Re: Slave index size growing fast

Posted by Alexandre Rocco <al...@gmail.com>.

Erick,

The master /data dir contains only an index dir with a bunch of files.
In the slave, the /data dir contains an index.20110926152410 dir with a lot
more files than the master. That is quite strange for me.

I guess that the config is right, since we have another slave that is
running fine with the same config.
The best bet would be clean up this messed slave and try to sync it again
and see what happens.

Thanks

On Fri, Mar 23, 2012 at 12:25 PM, Erick Erickson <er...@gmail.com>wrote:

> not really, unless perhaps you're issuing commits or optimizes
> on the _slave_ (which you should NOT do).
>
> Replication happens based on the version of the index on the master.
> True, it starts out as a timestamp, but then successive versions
> just have that number incremented. The version number
> in the index on the slave is compared against the one on the master,
> but the actual time (on the slave or master) is irrelevant.

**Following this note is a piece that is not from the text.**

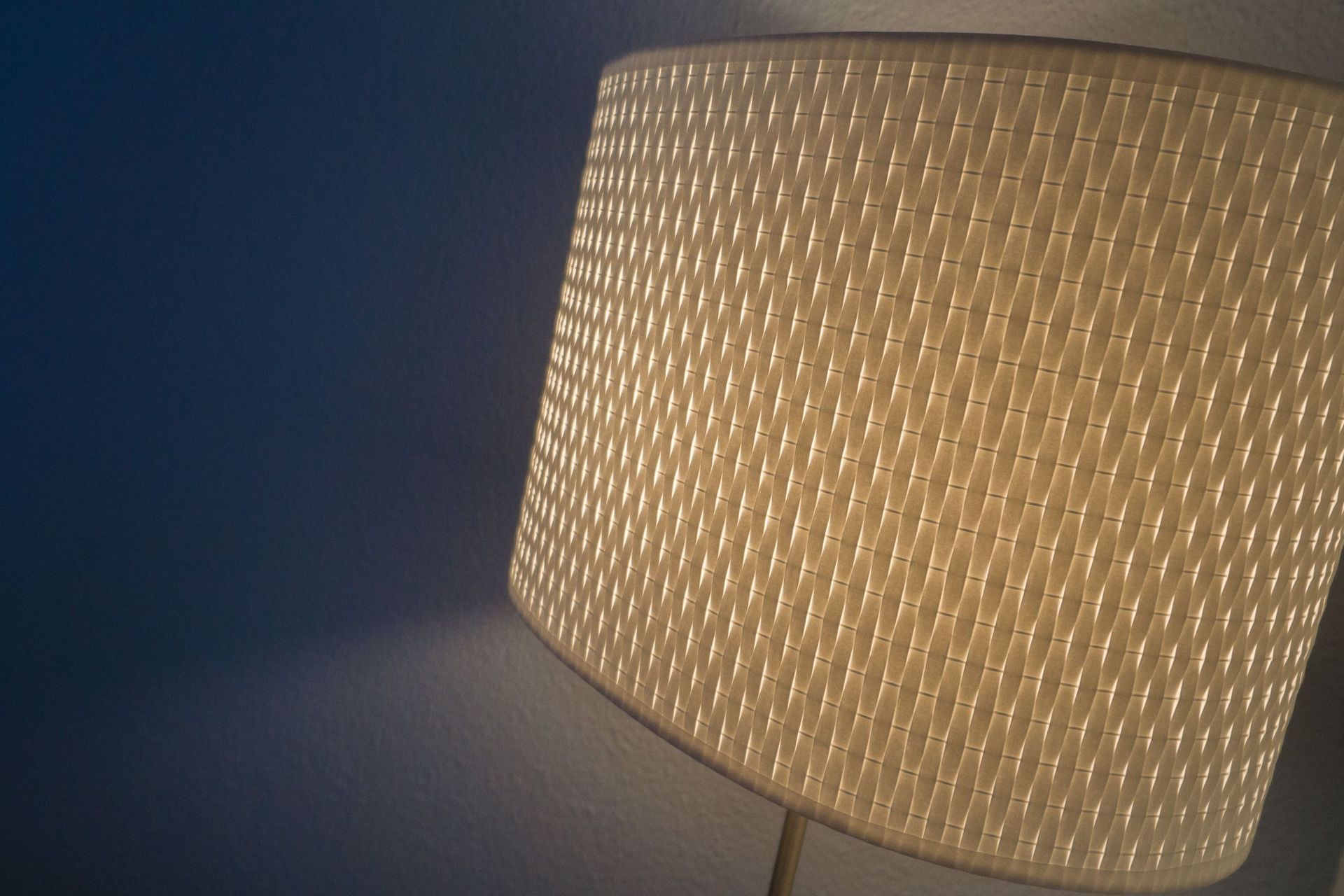 Wand Blau mit Les Corbusir, Couleur bleu outremer 31 - Malerarbeiten Marco Dürst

This is
> explicitly to avoid problems with time synching across
> machines/timezones/whataver....
>
> It would be instructive to look at the admin/info page to see what
> the index version is on the master and slave.
>
> But, if you optimize or commit (I think) on the _slave_, you might
> change the timestamp and mess things up (although I'm reaching
> here, I don't know this for certain).
>
> What's the  index look like on the slave as compared to the master?
> Are there just a bunch of files on the slave? Or a bunch of directories?
>
> Instead of re-indexing on the master, you could try to bring down the
> slave, blow away the entire index and start it back up. Since this is a
> production system, I'd only try this if I had more than one slave. Although
> you could bring up a new slave and attach it to the master and see
> what happens there. You wouldn't affect production if you didn't point
> incoming requests at it...
>
> Best
> Erick
>
> On Fri, Mar 23, 2012 at 11:03 AM, Alexandre Rocco <al...@gmail.com>
> wrote:
> > Erick,
> >
> > We're using Solr 3.3 on Linux (CentOS 5.6).
> > The /data dir on master is actually 1.2G.
> >
> > I haven't tried to recreate the index yet. Since it's a production
> > environment,
> > I guess that I can stop replication and indexing and then recreate the
> > master index to see if it makes any difference.
> >
> > Also just noticed another thread here named "Simple Slave Replication
> > Question" that tells that it could be a problem if I'm seeing an
> > /data/index with an timestamp on the slave node.
> > Is this info relevant to this issue?
> >
> > Thanks,
> > Alexandre
> >
> > On Fri, Mar 23, 2012 at 11:48 AM, Erick Erickson <
> erickerickson@gmail.com>wrote:
> >
> >> What version of Solr and what operating system?
> >>
> >> But regardless, this shouldn't be happening. Indexes can
> >> temporarily double in size, but any extras should be
> >> cleaned up relatively soon.
> >>
> >> On the master, what's the total size of the <solr home>/data directory?
> >> I'm a little suspicious of the <backupAfter> on your master, but I
> >> don't think that's the root of your problem....
> >>
> >> Are you recreating the index on the master (by deleting the
> >> index directory and starting over)?
> >>
> >> This is unusual, and I suspect it's something odd in your configuration,
> >> but I confess I'm at a loss as to what.
> >>
> >> Best
> >> Erick
> >>
> >> On Fri, Mar 23, 2012 at 10:28 AM, Alexandre Rocco <al...@gmail.com>
> >> wrote:
> >> > Hello,
> >> >
> >> > We have a Solr index that has an average of 1.19 GB in size.
> >> > After configuring the replication, the slave machine is growing the
> index
> >> > size expoentially.
> >> > Currently we have an slave with 323.44 GB in size.
> >> > Is there anything that could cause this behavior?
> >> > The current replication config is below.
> >> >
> >> > Master:
> >> > <requestHandler name="/replication" class="solr.ReplicationHandler">
> >> > <lst name="master">
> >> > <str name="replicateAfter">commit</str>
> >> > <str name="replicateAfter">startup</str>
> >> > <str name="backupAfter">startup</str>
> >> > <str name="confFiles">
> >> >
> >>
> elevate.xml,protwords.txt,schema.xml,spellings.txt,stopwords.txt,synonyms.txt
> >> > </str>
> >> > </lst>
> >> > </requestHandler>
> >> >
> >> > Slave:
> >> > <requestHandler name="/replication" class="solr.ReplicationHandler">
> >> > <lst name="slave">
> >> > <str name="masterUrl">http://master:8984/solr/Index/replication</str>
> >> > </lst>
> >> > </requestHandler>
> >> >
> >> > Any pointers will be useful.
> >> >
> >> > Thanks,
> >> > Alexandre
> >>
>

Re: Slave index size growing fast

Posted by Erick Erickson <er...@gmail.com>.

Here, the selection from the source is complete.